Launched in October 2020, the MIT and Accenture Convergence Initiative for Industry and Technology underscores the ways wherein industry and technology can collaborate to spur innovation. The five-year initiative goals to realize its mission through research, education, and fellowships. To that end, Accenture has once more awarded five annual fellowships to MIT graduate students working on research in industry and technology convergence who’re underrepresented, including by race, ethnicity, and gender.
This 12 months’s Accenture Fellows work across research areas including telemonitoring, human-computer interactions, operations research, AI-mediated socialization, and chemical transformations. Their research covers a wide selection of projects, including designing low-power processing hardware for telehealth applications; applying machine learning to streamline and improve business operations; improving mental health care through artificial intelligence; and using machine learning to know the environmental and health consequences of complex chemical reactions.
As a part of the appliance process, student nominations were invited from each unit throughout the School of Engineering, in addition to from the Institute’s 4 other schools and the MIT Schwarzman College of Computing. Five exceptional students were chosen as fellows for the initiative’s third 12 months.
Drew Buzzell is a doctoral candidate in electrical engineering and computer science whose research concerns telemonitoring, a fast-growing sphere of telehealth wherein information is collected through internet-of-things (IoT) connected devices and transmitted to the cloud. Currently, the high volume of knowledge involved in telemonitoring — and the time and energy costs of processing it — make data evaluation difficult. Buzzell’s work is targeted on edge computing, a brand new computing architecture that seeks to handle these challenges by managing data closer to the source, in a distributed network of IoT devices. Buzzell earned his BS in physics and engineering science and his MS in engineering science from the Pennsylvania State University.

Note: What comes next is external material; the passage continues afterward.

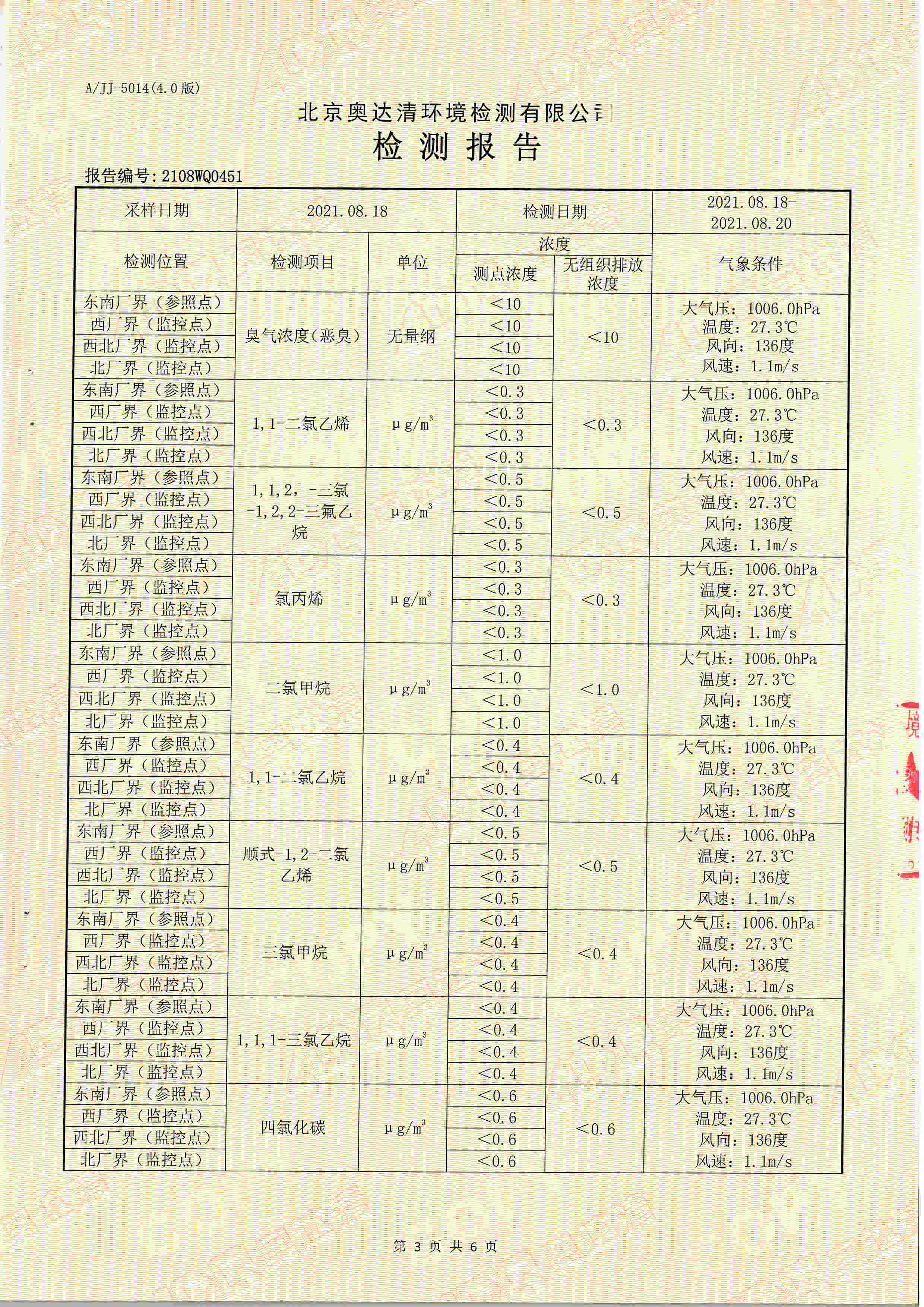 大氣污染物無(wú)組織排放4.jpg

Mengying (Cathy) Fang is a master’s student within the MIT School of Architecture and Planning. Her research focuses on augmented reality and virtual reality platforms. Fang is developing novel sensors and machine components that mix computation, materials science, and engineering. Moving forward, she’s going to explore topics including soft robotics techniques that may very well be integrated with clothes and wearable devices and haptic feedback in an effort to develop interactions with digital objects. Fang earned a BS in mechanical engineering and human-computer interaction from Carnegie Mellon University.
Xiaoyue Gong is a doctoral candidate in operations research on the MIT Sloan School of Management. Her research goals to harness the facility of machine learning and data science to scale back inefficiencies within the operation of companies, organizations, and society. With the support of an Accenture Fellowship, Gong seeks to search out solutions to operational problems by designing reinforcement learning methods and other machine learning techniques to embedded operational problems. Gong earned a BS in honors mathematics and interactive media arts from Latest York University.

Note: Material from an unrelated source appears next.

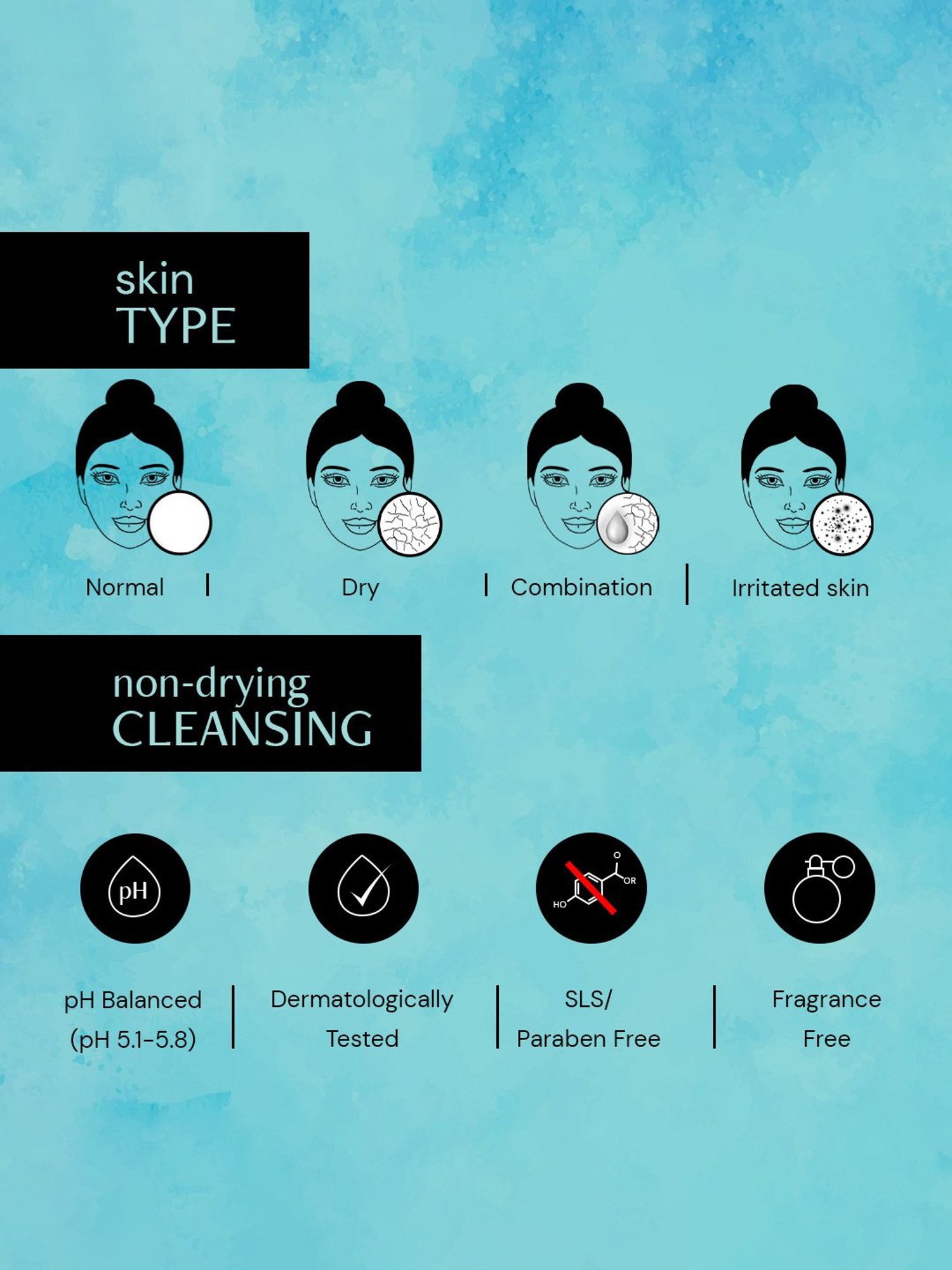 Deconstruct Hyaluronic Acid Hydrating Face Wash - 100 ml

Ruby Liu is a doctoral candidate within the Medical Engineering and Medical Physics program, a part of the Harvard-MIT Program in Health Sciences and Technology. Their research addresses the growing pandemic of loneliness amongst older adults, which results in poor health outcomes and presents particularly high risks for historically marginalized people, including members of the LGBTQ+ community and folks of color. Liu is designing a network of interconnected AI agents that foster connections between user and agent, offering mental health care while strengthening and facilitating human-human connections. Liu received a BS in biomedical engineering from Johns Hopkins University.

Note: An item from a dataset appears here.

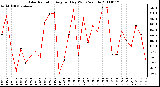 Milwaukee Weather Solar Radiation Avg per Day W/m2/minute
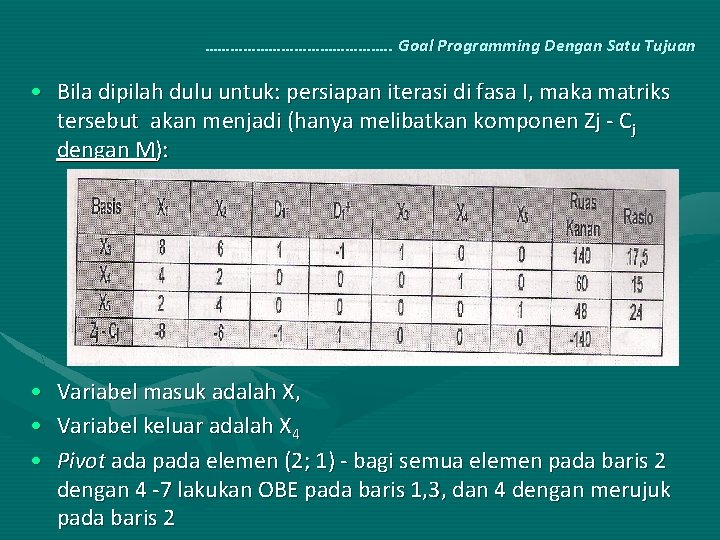 …………………. . Goal Programming Dengan Satu Tujuan • Bila dipilah dulu untuk: persiapan iterasi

Joules Provenzano is a doctoral candidate in chemical engineering. Their work integrates machine learning and liquid chromatography-high resolution mass spectrometry (LC-HRMS) to enhance our understanding of complex chemical reactions within the environment. As an Accenture Fellow, Provenzano will construct upon recent advances in machine learning and LC-HRMS, including novel algorithms for processing real, experimental HR-MS data and latest approaches in extracting structure-transformation rules and kinetics. Their research could speed the pace of discovery within the chemical sciences and advantages industries including oil and gas, pharmaceuticals, and agriculture. Provenzano earned a BS in chemical engineering and international and global studies from the Rochester Institute of Technology.